→ **TASK ITEM**:
Your copy starts at the line containing "Front. Kalypso - Commandos" and ends at the last line of the material below. Reproduce those lines exactly, with no pictures.

BEGIN RAW DATA

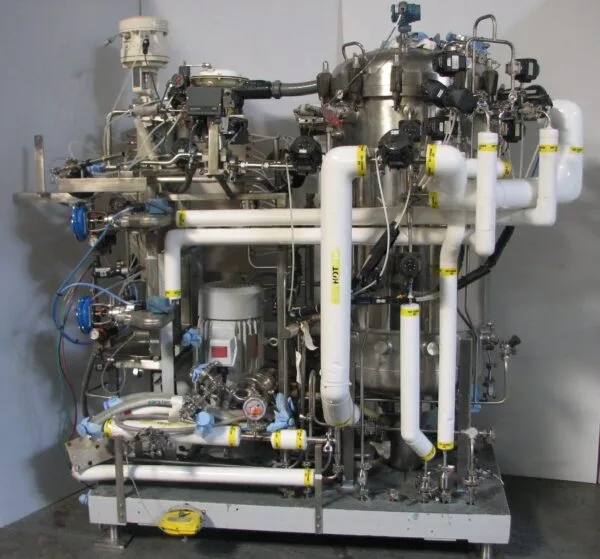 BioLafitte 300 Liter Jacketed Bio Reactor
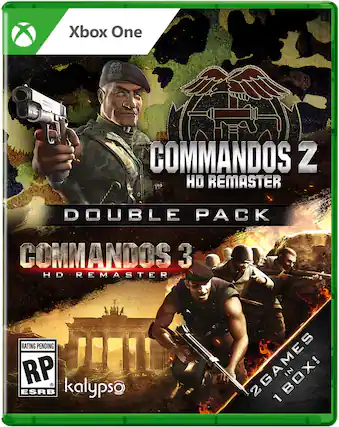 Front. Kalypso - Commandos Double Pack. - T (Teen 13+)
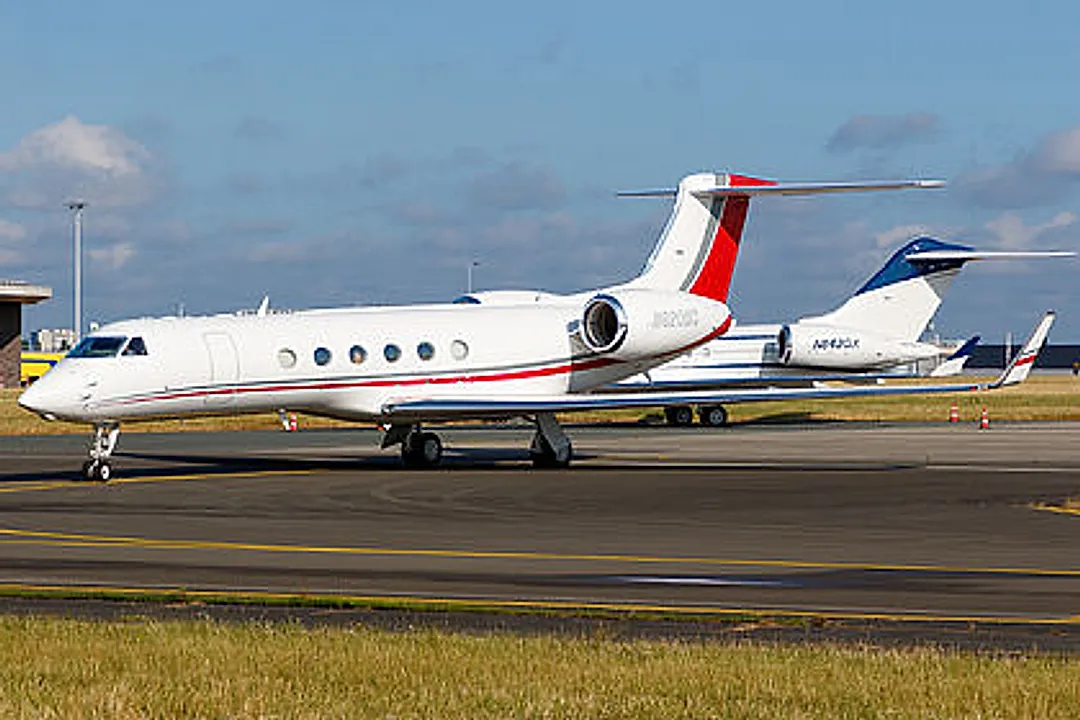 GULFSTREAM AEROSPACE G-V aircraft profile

END RAW DATA

→ **SOLUTION FOR THIS PROBLEM**:
 Front. Kalypso - Commandos Double Pack. - T (Teen 13+)
 GULFSTREAM AEROSPACE G-V aircraft profile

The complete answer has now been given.